[What to do] Without the pictures, repeat all of the data exactly as it appears below.

[Material supplied]
::::::::

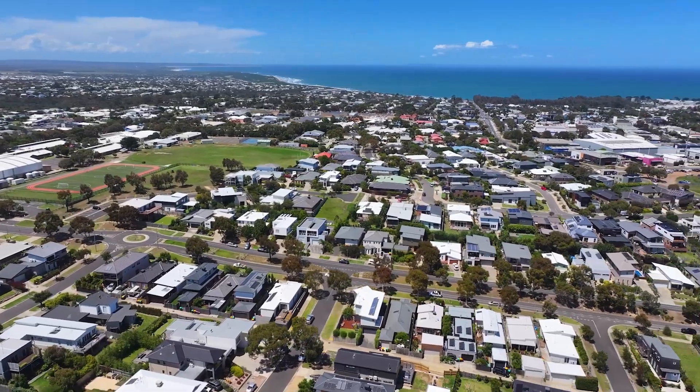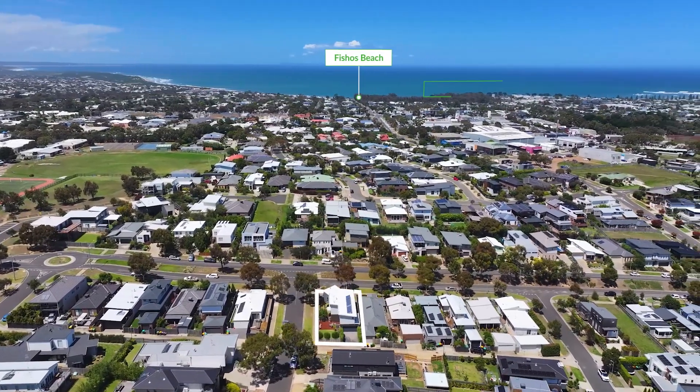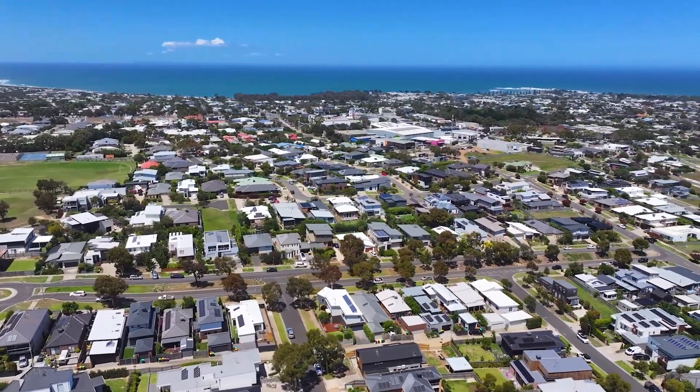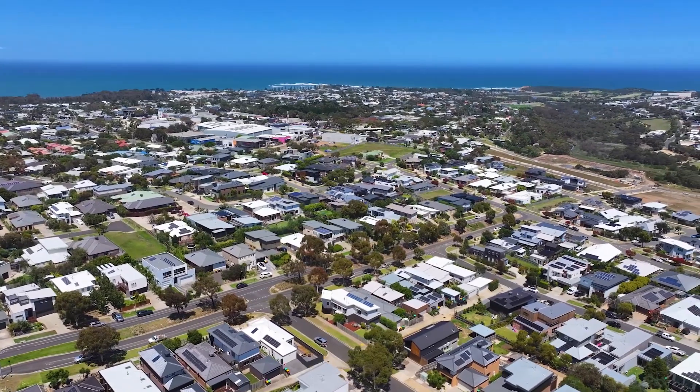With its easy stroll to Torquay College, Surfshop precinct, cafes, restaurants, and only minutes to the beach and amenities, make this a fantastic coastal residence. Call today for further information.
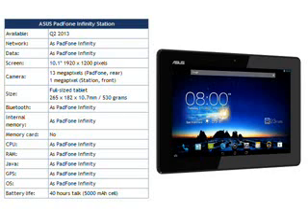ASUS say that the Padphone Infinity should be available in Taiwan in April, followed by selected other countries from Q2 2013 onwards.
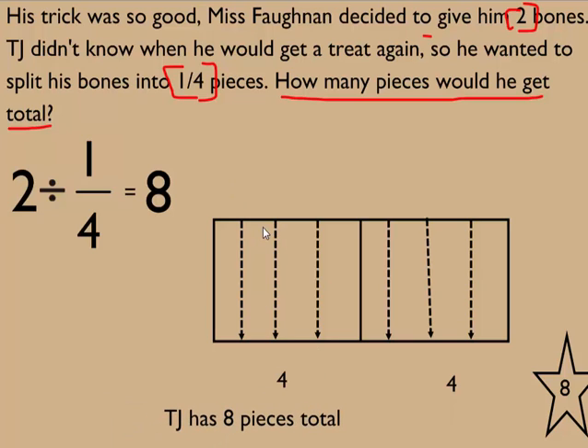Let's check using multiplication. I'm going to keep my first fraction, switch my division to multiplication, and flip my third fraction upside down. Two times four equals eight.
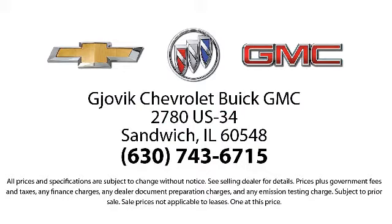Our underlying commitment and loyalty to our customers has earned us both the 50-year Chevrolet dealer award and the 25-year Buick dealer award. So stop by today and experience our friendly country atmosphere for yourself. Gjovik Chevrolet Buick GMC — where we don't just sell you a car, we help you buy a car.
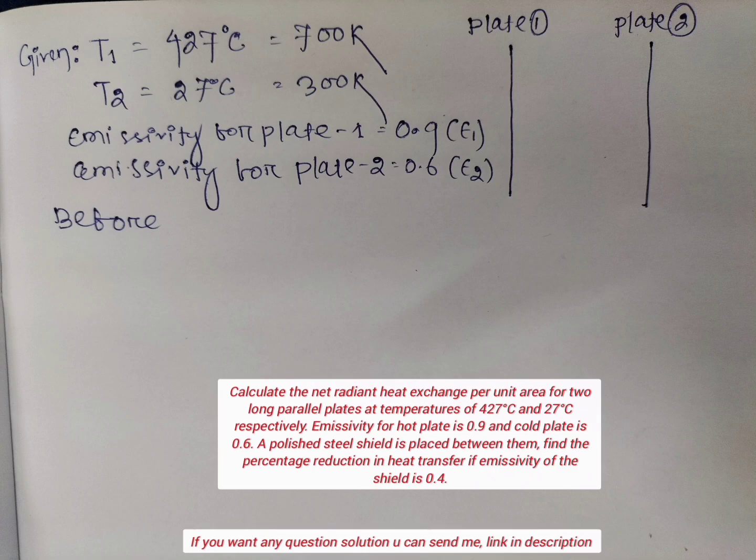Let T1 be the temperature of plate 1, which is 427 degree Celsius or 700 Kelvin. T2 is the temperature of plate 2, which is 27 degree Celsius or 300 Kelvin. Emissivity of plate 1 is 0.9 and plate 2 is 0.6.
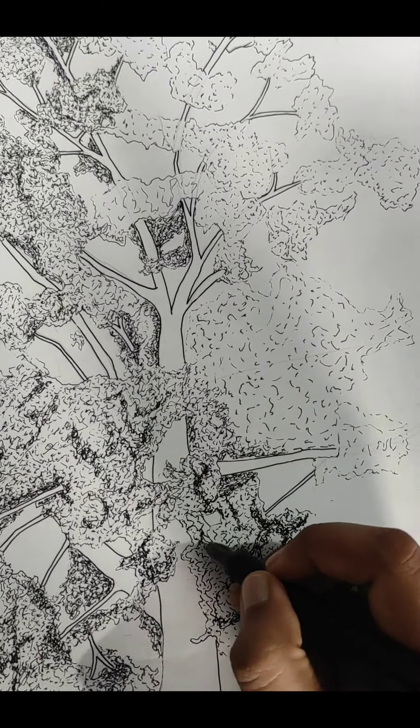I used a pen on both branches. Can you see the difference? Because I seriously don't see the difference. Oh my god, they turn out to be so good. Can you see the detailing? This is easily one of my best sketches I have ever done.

::::::::

[Exercise output]
With its easy stroll to Torquay College, Surfshop precinct, cafes, restaurants, and only minutes to the beach and amenities, make this a fantastic coastal residence. Call today for further information.
ASUS say that the Padphone Infinity should be available in Taiwan in April, followed by selected other countries from Q2 2013 onwards.
Let's check using multiplication. I'm going to keep my first fraction, switch my division to multiplication, and flip my third fraction upside down. Two times four equals eight.
Our underlying commitment and loyalty to our customers has earned us both the 50-year Chevrolet dealer award and the 25-year Buick dealer award. So stop by today and experience our friendly country atmosphere for yourself. Gjovik Chevrolet Buick GMC — where we don't just sell you a car, we help you buy a car.
Let T1 be the temperature of plate 1, which is 427 degree Celsius or 700 Kelvin. T2 is the temperature of plate 2, which is 27 degree Celsius or 300 Kelvin. Emissivity of plate 1 is 0.9 and plate 2 is 0.6.
I used a pen on both branches. Can you see the difference? Because I seriously don't see the difference. Oh my god, they turn out to be so good. Can you see the detailing? This is easily one of my best sketches I have ever done.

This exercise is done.